Director Tom Hooper (The King’s Speech) tells this tale with comfort and ease, aided by the warm, easy-on-the-eyes cinematography by Danny Cohen. But despite terrific performances from Redmayne and Vikander, The Danish Girl feels more like a bullet-point outline of a story than an affecting drama about real human beings. Redmayne doesn’t show any signs of being an individual wrestling with her gender identity at the outset. It’s only when Einar feels the lace of the modelling dress on her fingertips that it all suddenly clicks into place; this might be accurate according to Lili’s own writings, but it feels like a reductive sentiment. Had the film painted her hardships as emerging from a lifetime of self-doubt and internal struggles, viewers would have been more invested in her journey. In real life, Lili was tormented during her five gender-reassignment surgeries (the movie only portrays two), and had planned to commit suicide prior to arranging the final experimental operations, which ultimately resulted in her death in 1931.



This underscores the larger problem with The Danish Girl: It’s a beautifully stylized telling of a true story, but its central topics are hardly broached by Hooper and screenwriter Lucinda Coxon (who adapted the script from a 2000 novel by David Ebershoff).
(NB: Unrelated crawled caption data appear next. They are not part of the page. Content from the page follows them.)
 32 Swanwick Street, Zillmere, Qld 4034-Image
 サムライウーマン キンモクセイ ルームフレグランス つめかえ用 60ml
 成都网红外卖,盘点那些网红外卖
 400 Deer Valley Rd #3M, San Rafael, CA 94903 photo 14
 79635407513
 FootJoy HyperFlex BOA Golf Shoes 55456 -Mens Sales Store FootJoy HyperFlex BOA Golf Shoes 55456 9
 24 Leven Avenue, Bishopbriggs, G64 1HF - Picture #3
Lili went through hell during her procedures, both physically and mentally, yet the film glosses over these adversities in favor of a tightly wrapped narrative. The movie attempts to skate by on Redmayne’s androgynous beauty and its own dramatic flair, which causes the narrative to suffer.
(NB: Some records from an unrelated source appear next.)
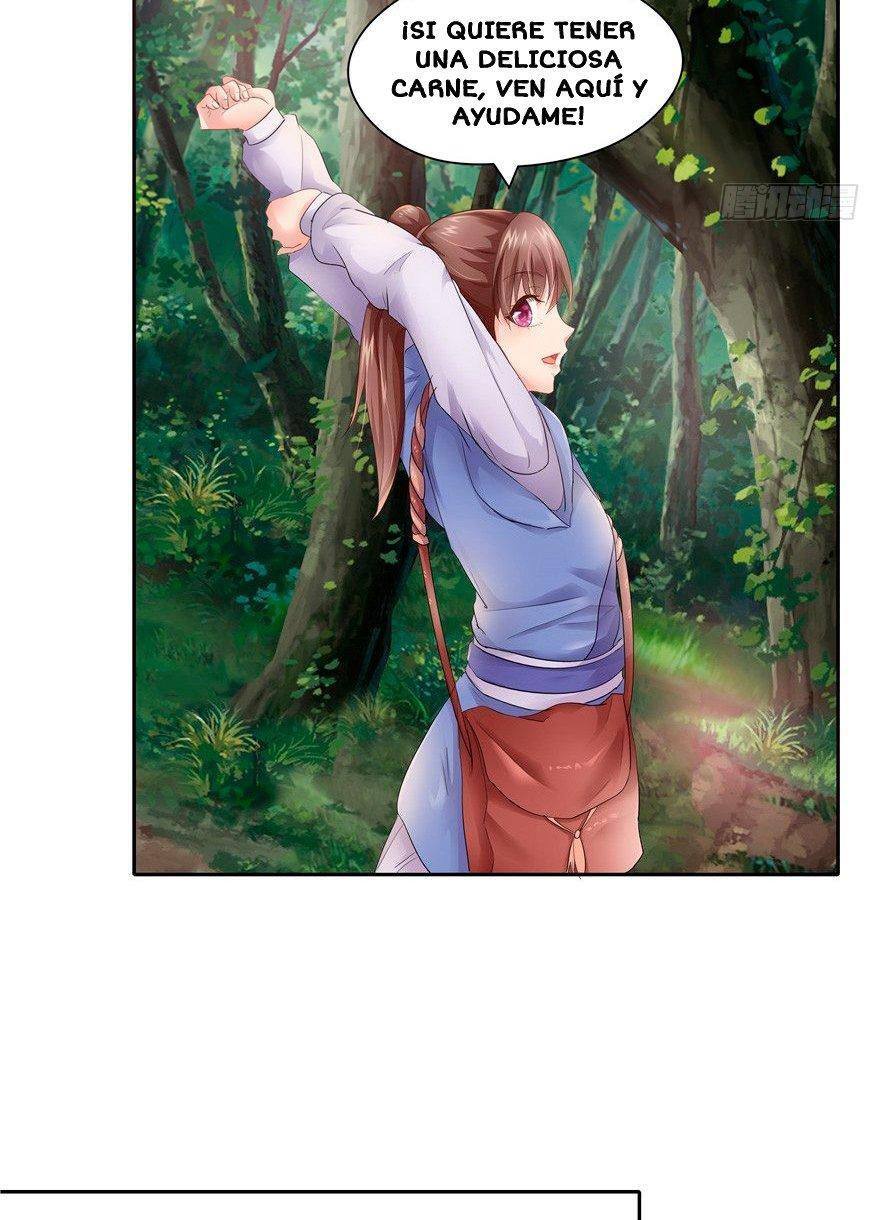 Capitulo 21 page 13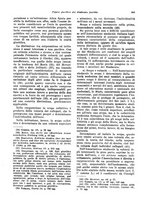 giornale/VEA0009251/1931/unico/00000721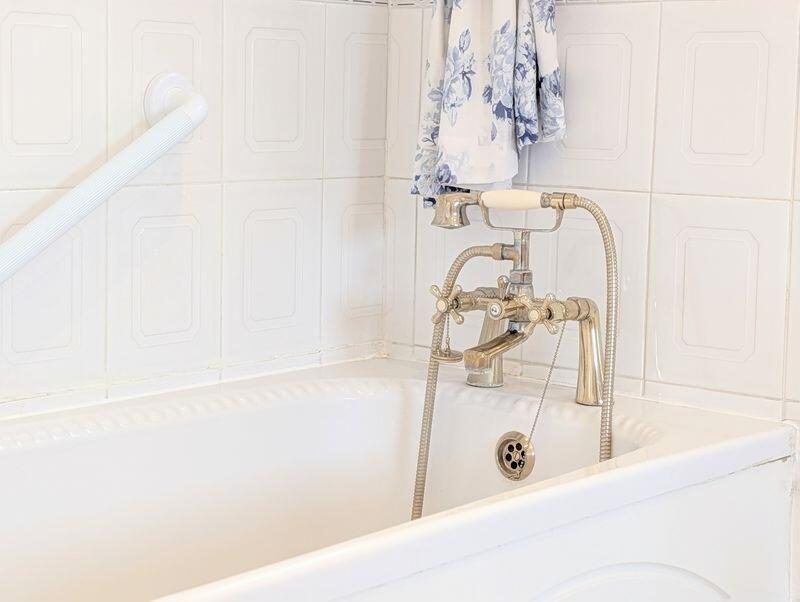 Thumbnail 31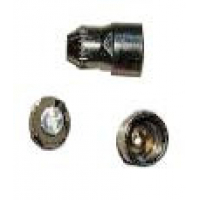 Электрод для Ресанта ИПР-100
It might be overly cynical to assume that Hooper hoped to make a calculated pitch towards the Academy by capitalizing on the recent spotlight on the transgender community. Yet while Lili’s story is captivating, it’s one that needed to be told with more boldness and less acquiescence to the potentially offended. The Danish Girl is far too purified of human struggle to be deeply felt; instead, it’s just a collection of stunning actors going through the motions in front of a gorgeously shot backdrop full of missed potential.